Circa 1993. Shekhar Kapur started shooting BANDIT QUEEN with an international cinematographer. Within the first days itself the international cinematographer was shown the door and replaced by our very own Late Ashok Mehta. Indian technicians are geared to deliver in the toughest of conditions and tons of compromises.
Circa 2013: NAMESTE LONDON has a cinematographer form London. The Sound Designer in DON was from Australia. The Action coordinator for KRISH was from abroad. Of late, due to the increasing popularity of Hindi films abroad, it’s not uncommon to see film technicians from different countries working on the sets of a Bollywood Production. LOVE SEX DHOKHA & SHANGHAI both films by Dibakaer banerji used an international DOP handling the camera
Mind you, this does not undermine our expertise of technicians but the presence of international technicians is a rational decision in most cases. For eg The cinematographer in NAMASTE LONDON being a local of Britain, would be able to show LONDON in a much better way then an outsider. The sound designer in DON charged a lower amount then the Indian sound Designer. It is important to note that DON has not been nominated for any of the sound design awards. The action in KRISH & KRISH 3 was path breaking and needed someone who knew how to execute it correctly.

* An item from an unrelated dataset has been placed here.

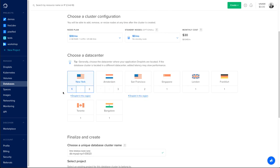Next option is the data center. A good practice is to choose a data center that is either closer to most of your customers, but also which is the same data center where you have your droplet or multiple droplets that are going to access your database.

It also helps that we have great budgets and the Indian film industry has recently achieved greater visibility in many European countries, in addition to the traditional NRI population in the US and UK. Given the recession in Erope, a lot of local tehcnicians there are seeking work in India.
As our industry goes international, it only makes sense to incorporate international film making techniques to delivering better products. The interaction with well trained international technicians helps us learn these new ideas and methods.
International technicians, in turn, come here as they want to lend their technical expertise to films that have a unique mix of music, drama, action and comedy, all in one film. Sound recordists and cinematographers from Australia, Sweden, USA and UK have come to India as producers these days have started going the extra mile to ensure that their films have the desired visual or sound quality.
As Indian cinema expands it’s reach and explores global frontiers, it’s no surprise to see a reverse ‘talent drain’ taking place.